* Exercise requirements
Search the data below for the line containing "Yamaha yzf 250", then please set down that line and all remaining ones exactly as written.

Excerpts from a dataset
━━━━━━━━━━

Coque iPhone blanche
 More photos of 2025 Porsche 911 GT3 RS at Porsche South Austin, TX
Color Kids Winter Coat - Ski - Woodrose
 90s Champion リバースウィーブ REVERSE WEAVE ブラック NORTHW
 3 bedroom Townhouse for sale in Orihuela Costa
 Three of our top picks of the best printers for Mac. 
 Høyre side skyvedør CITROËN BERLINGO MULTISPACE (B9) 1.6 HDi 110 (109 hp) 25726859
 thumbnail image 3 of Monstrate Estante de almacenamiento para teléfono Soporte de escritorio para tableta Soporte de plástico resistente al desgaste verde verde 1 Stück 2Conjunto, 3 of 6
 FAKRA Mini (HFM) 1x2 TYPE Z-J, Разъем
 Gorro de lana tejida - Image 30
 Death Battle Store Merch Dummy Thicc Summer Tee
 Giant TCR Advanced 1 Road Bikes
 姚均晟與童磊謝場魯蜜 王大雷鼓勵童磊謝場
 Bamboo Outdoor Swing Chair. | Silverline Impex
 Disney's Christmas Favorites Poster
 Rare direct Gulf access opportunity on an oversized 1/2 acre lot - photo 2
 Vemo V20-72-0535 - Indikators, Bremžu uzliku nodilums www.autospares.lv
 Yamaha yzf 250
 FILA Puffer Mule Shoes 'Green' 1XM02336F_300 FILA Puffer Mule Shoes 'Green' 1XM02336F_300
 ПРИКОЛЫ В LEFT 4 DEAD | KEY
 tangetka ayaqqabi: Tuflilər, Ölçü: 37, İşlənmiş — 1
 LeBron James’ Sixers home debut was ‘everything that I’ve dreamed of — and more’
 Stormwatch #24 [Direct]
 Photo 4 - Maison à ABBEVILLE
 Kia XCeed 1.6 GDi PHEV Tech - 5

━━━━━━━━━━

* Exercise output
 Yamaha yzf 250
 FILA Puffer Mule Shoes 'Green' 1XM02336F_300 FILA Puffer Mule Shoes 'Green' 1XM02336F_300
 ПРИКОЛЫ В LEFT 4 DEAD | KEY
 tangetka ayaqqabi: Tuflilər, Ölçü: 37, İşlənmiş — 1
 LeBron James’ Sixers home debut was ‘everything that I’ve dreamed of — and more’
 Stormwatch #24 [Direct]
 Photo 4 - Maison à ABBEVILLE
 Kia XCeed 1.6 GDi PHEV Tech - 5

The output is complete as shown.